Defend Equality – Love Unites! the anti-Prop 8 poster disingenuously declares.  Fine - except that all the shouting at Mormons in Westwood and harassing customers at the Mexican restaurant where Sharon Tate ate her last meal wasn’t done out out of love – it was done out of spite.

As one lesbian I know generously put it: ”Don’t talk to me about the sanctity of marriage!  The divorce rate is through the roof!  Give me a break – marriage is a joke!”

Really?  Then why do you want it so much?

Which brings me back to my earlier point: I don’t believe most gay people really do want marriage.  There’s certainly no consensus on it.  As a rule, gay folk tend to distrust organized religion (not without good reason) and middle class heterosexual norms.  So why the sudden mania for wedding bells?  Could it be the result of watching too much Bravo?

Having once been accused of advancing a nefarious gay agenda myself, I can’t help but see where this stubborn trend is taking us: right into the clutches of the dreaded Far Right fanatics, who claim gays and lesbians are bent on undermining the time-honored institution of marriage and radically changing it from the inside out.
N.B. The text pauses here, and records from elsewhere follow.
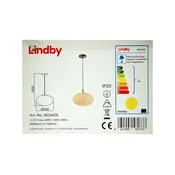 Lindby - Lestenec na vrvici SONIKA 1xE27/60W/230V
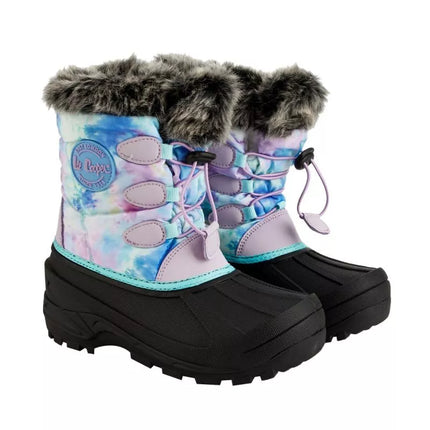 Lee Cooper vaikiški batai, violetiniai ir mėlyni, LCJ-25-10-3778K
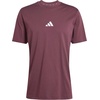 image:imageadidas Mens Essentials 3Stripes Single Jersey TShirtAurora RubyWhite
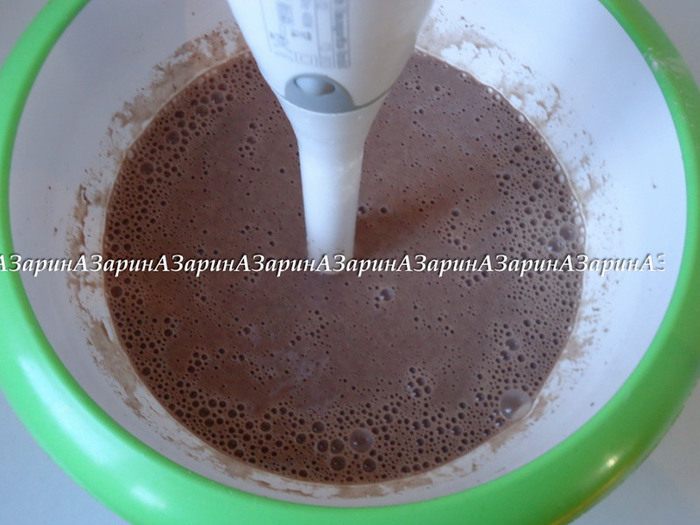 Черемуховый блинный торт с вишневым соусом 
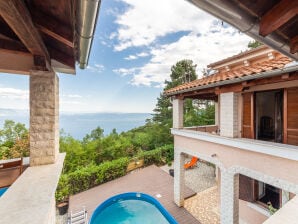 Holiday house Milli with panoramic sea view - Opatija - image1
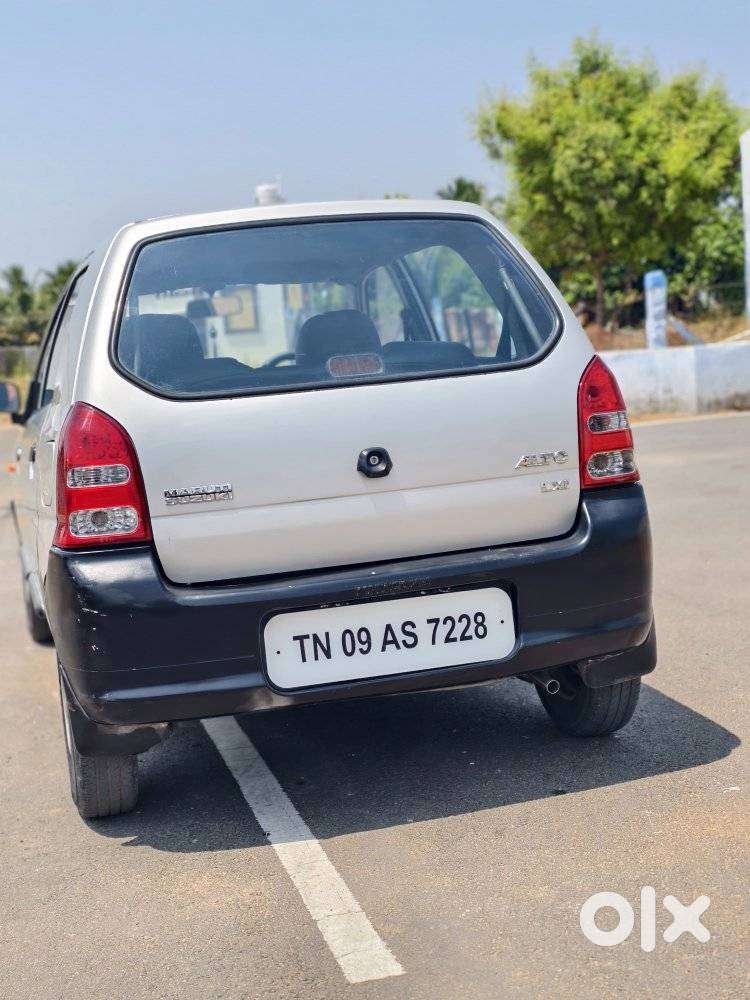 Maruti Suzuki Alto 2005-2010 Lxi Bsiii, 2007, Petrol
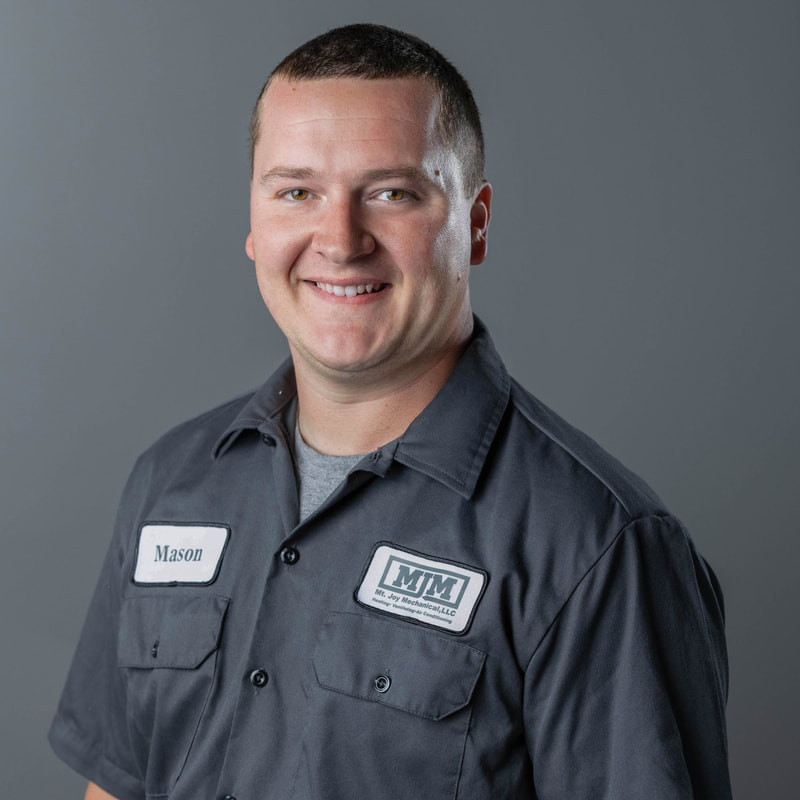 Mason Widener, Mechanic for Mt Joy Mechanical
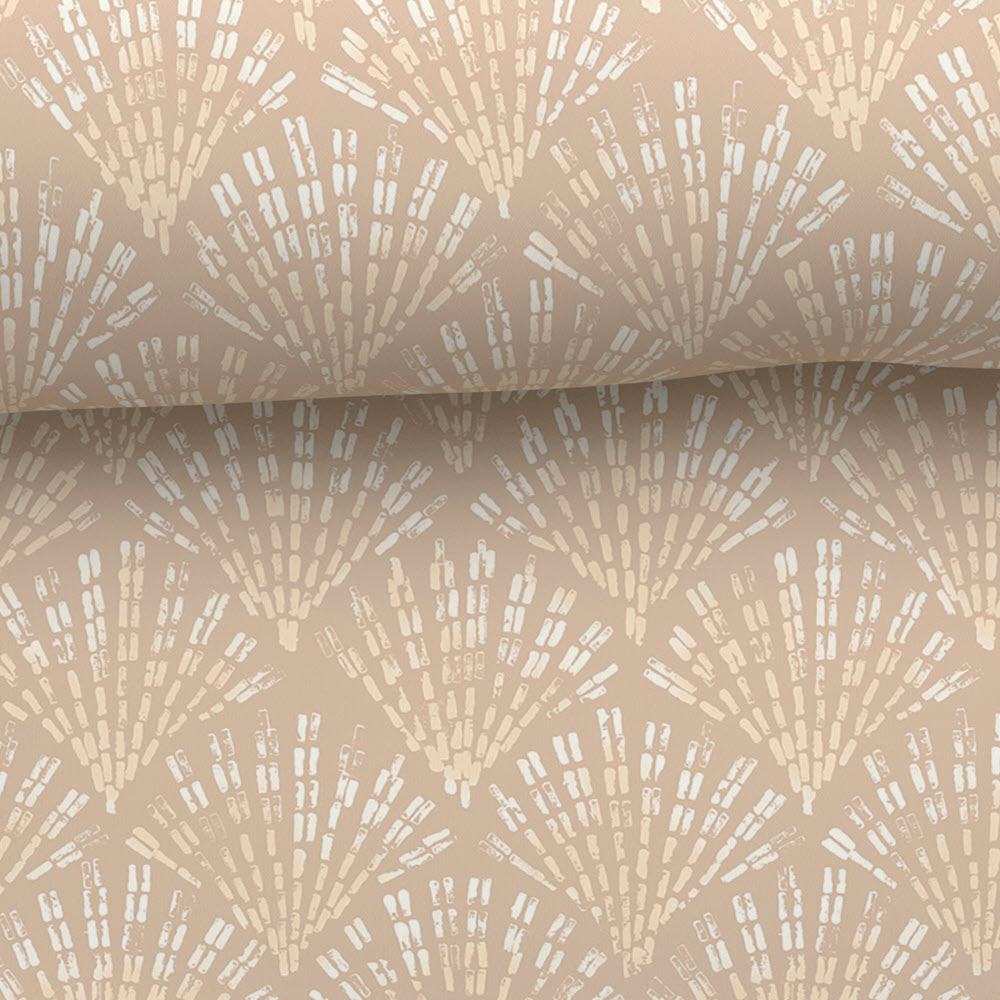 Bettwäsche Niclas beige Ausschnitt Bettwäsche Niclas beige Ausschnitt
Well, guess what.  Judging from how the gay community is currently playing its cards, I’d wager that is the goal.  But no one in is saying it out loud.

Gays don’t want marriage because they desperately long to be part of a stuffy, archaic ritual laden with church baggage.  They want to get married because, now that they have clout and 99% of the same rights as straight people, they’ve run out of goals - and they feel entitled to the only thing that’s still beyond reach: absolute acceptance. 

Didn’t mama ever tell you that you can’t please everybody?

Sure, it would be wonderful if the world were a peaceful paradise that wasn’t comprised of a million conflicting cultures, where gay relationships were naturally on a par with straight ones, where no one blinked when I call my husband “my husband” – and we all lived happily ever after.  But it’s not.  And it never will be.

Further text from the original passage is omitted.